(Your objective): If a line in the entries contains the string "Front", include that line in your answer.

(Source material):
▬▬▬▬▬▬

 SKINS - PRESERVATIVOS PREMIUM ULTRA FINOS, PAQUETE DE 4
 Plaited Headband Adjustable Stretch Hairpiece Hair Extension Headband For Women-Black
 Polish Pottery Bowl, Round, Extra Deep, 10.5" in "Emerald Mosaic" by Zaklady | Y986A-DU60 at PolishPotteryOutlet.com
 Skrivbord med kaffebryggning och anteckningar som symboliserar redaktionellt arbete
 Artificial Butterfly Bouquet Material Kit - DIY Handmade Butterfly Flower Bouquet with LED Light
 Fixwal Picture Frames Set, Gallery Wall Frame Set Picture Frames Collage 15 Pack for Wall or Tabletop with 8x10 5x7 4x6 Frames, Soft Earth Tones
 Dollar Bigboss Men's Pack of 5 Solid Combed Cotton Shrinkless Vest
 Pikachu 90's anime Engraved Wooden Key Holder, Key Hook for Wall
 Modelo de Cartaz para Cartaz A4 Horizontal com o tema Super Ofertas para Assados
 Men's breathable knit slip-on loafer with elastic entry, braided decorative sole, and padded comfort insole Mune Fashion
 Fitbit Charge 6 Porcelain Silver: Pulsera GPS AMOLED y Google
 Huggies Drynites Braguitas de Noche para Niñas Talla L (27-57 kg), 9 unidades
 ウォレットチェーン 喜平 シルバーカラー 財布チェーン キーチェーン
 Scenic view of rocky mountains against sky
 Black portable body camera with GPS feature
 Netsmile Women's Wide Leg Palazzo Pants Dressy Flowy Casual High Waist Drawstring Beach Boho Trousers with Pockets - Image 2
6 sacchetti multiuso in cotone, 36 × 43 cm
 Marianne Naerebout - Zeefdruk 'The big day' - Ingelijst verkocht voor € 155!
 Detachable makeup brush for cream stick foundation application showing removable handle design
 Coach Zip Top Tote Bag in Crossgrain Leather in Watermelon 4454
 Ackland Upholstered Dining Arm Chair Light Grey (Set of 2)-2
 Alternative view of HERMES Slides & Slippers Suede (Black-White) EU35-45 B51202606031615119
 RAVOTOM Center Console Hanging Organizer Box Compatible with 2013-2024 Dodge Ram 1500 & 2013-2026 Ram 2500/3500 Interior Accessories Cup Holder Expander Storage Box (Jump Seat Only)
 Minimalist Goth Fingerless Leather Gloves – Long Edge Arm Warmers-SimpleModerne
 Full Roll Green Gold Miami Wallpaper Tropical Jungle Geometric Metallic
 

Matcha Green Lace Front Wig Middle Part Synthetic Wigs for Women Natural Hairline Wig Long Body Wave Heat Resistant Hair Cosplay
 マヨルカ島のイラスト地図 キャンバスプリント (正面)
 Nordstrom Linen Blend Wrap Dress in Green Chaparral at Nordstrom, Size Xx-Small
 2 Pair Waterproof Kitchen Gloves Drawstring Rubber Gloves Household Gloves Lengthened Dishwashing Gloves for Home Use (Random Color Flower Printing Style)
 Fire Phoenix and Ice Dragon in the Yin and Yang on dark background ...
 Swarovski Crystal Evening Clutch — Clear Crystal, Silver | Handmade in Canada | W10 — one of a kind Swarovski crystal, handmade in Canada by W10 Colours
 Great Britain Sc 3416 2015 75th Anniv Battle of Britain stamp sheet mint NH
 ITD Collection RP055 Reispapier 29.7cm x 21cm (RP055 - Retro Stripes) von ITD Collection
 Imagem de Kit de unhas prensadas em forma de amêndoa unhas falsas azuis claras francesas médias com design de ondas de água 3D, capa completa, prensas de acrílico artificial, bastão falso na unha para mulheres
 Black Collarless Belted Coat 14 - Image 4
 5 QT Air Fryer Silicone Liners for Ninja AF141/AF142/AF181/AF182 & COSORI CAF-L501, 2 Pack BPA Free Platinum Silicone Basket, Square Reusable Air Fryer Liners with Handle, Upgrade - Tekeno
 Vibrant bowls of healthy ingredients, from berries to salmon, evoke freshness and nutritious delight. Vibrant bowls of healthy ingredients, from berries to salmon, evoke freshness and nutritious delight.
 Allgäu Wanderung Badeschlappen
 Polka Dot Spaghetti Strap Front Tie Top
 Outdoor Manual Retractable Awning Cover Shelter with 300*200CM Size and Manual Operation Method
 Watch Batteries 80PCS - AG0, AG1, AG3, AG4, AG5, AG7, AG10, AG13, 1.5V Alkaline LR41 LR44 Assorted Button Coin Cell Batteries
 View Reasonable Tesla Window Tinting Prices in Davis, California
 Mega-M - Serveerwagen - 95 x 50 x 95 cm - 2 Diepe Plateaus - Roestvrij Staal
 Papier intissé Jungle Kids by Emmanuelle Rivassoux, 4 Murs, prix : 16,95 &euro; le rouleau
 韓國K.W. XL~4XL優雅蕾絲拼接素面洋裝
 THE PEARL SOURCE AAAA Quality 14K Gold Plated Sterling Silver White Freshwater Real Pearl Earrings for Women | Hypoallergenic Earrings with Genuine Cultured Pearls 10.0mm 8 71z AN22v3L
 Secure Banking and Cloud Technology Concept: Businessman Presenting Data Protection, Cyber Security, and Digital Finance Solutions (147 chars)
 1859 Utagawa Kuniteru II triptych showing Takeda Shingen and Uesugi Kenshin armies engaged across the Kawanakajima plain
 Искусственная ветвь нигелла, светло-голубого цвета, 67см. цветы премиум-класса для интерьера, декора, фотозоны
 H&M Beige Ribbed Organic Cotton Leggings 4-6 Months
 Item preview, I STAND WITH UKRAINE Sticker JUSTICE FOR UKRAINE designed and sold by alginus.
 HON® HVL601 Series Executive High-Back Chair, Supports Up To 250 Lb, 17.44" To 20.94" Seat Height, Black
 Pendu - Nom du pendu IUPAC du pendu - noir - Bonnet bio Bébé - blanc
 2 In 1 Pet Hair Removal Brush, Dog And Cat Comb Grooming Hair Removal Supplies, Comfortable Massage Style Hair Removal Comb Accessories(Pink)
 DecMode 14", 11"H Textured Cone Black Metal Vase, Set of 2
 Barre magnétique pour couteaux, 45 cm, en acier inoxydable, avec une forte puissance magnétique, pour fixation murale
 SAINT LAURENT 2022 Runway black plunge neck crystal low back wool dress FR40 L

▬▬▬▬▬▬

(Worked solution):
Matcha Green Lace Front Wig Middle Part Synthetic Wigs for Women Natural Hairline Wig Long Body Wave Heat Resistant Hair Cosplay
 Polka Dot Spaghetti Strap Front Tie Top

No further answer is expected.